Urquhart, Fred, 1912-1995

Frederick Burrows Urquhart was born on July 12, 1912, in Edinburgh, Scotland. He is acknowledged as both a novelist and short story writer, but achieved recognition from his short stories. Urquhart also spent time editing and reviewing books. The constant theme of his stories centers upon the lives of ordinary people, especially violence and cruelty towards women.

His education took place in village schools in Scotland until 1927, when at fifteen he left school to work for a bookshop in Edinburgh.

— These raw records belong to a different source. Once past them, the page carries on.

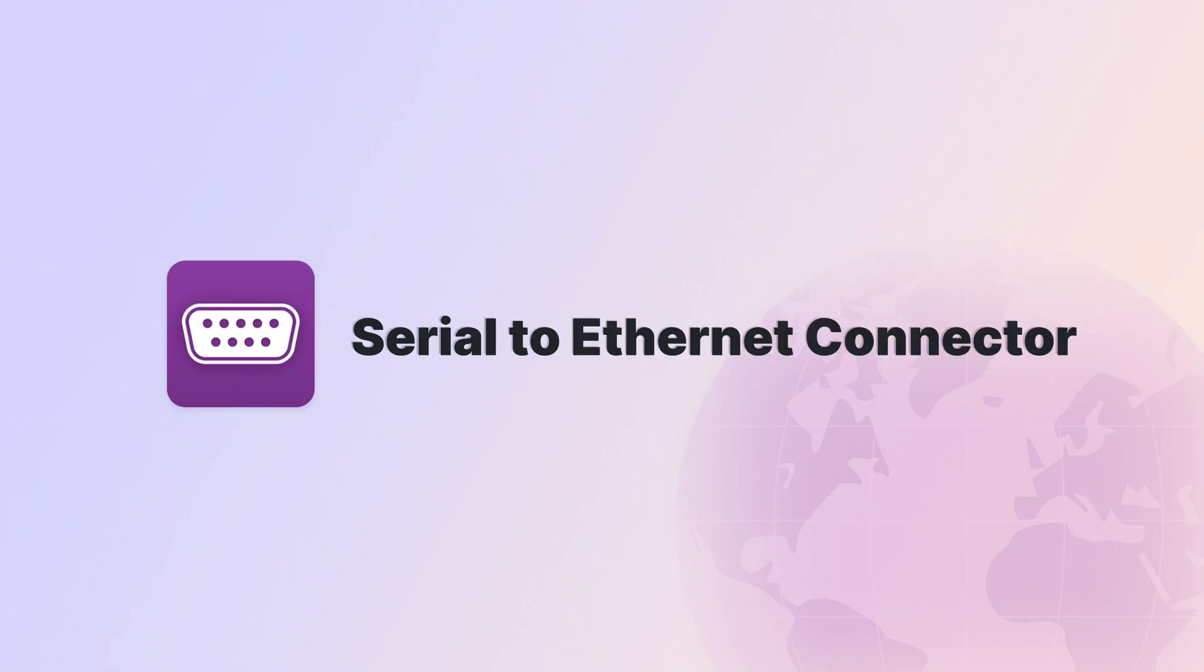Hi everyone! Today, we'll tell you about our product, Serial to Ethernet Connector.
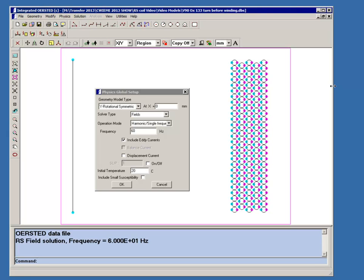We have 133 circles which represent the turns. This is not an exact representation of a helical coil. In a rotationally symmetric model, you have to imagine the circles being revolved around the axis of rotation, shown with a segment here. This would be a series of concentric rings. That's not exactly a helical coil, but it turns out to be an excellent approximation.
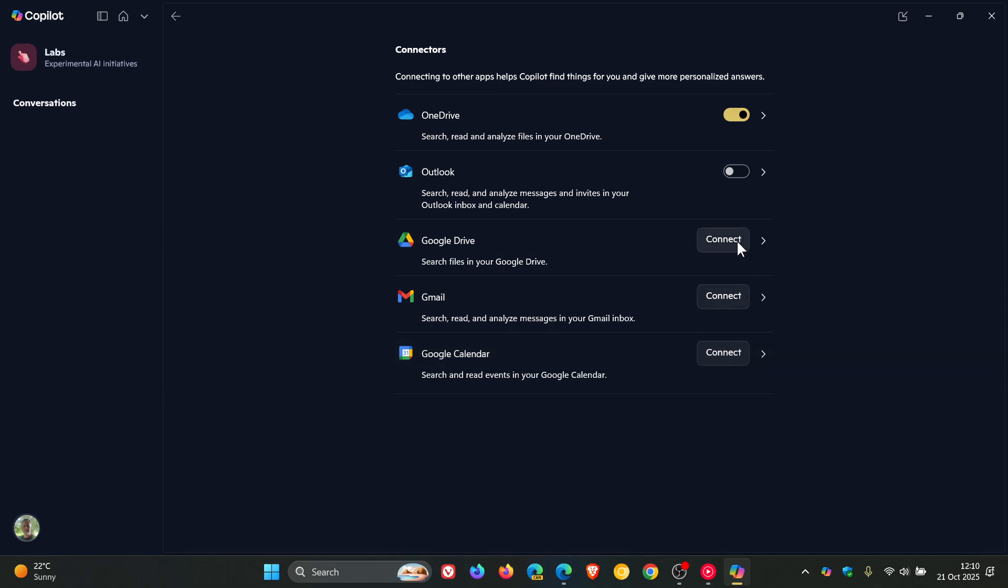Then what you would do is you'd click on connect, and then that will take you over online to a login prompt where you will have to sign in to whichever service you select using your Google account. And then, obviously, that will then connect up to Google Drive, Gmail, and Google Calendar.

During this time he began to write his first novel. He left the bookstore to concentrate on his writing in 1935, and by 1938 this novel, Time Will Knit, was published. Because he was a declared pacifist, at the outbreak of World War II he was sent to work on the land. At this time, his first collection of short stories, I Fell for a Sailor ( 1940 ), was published, followed by his second collection of stories, The Clouds Are Big with Mercy ( 1946 ), and his two later novels, The Ferret Was Abraham’s Daughter ( 1949 ) and Jezebel’s Dust ( 1951 ). Further volumes of stories include The Year of the Short Corn ( 1949 ), The Last Sister ( 1950 ), The Laundry Girl and the People ( 1955 ), The Dying Stallion ( 1967 ), and The Ploughing Match ( 1968 ). His final works were the novel Palace of Green Days ( 1979 ), which drew upon his childhood in Perthshire where his father worked as a chauffeur, and a collection of short stories, A Diver in China Seas ( 1980 ).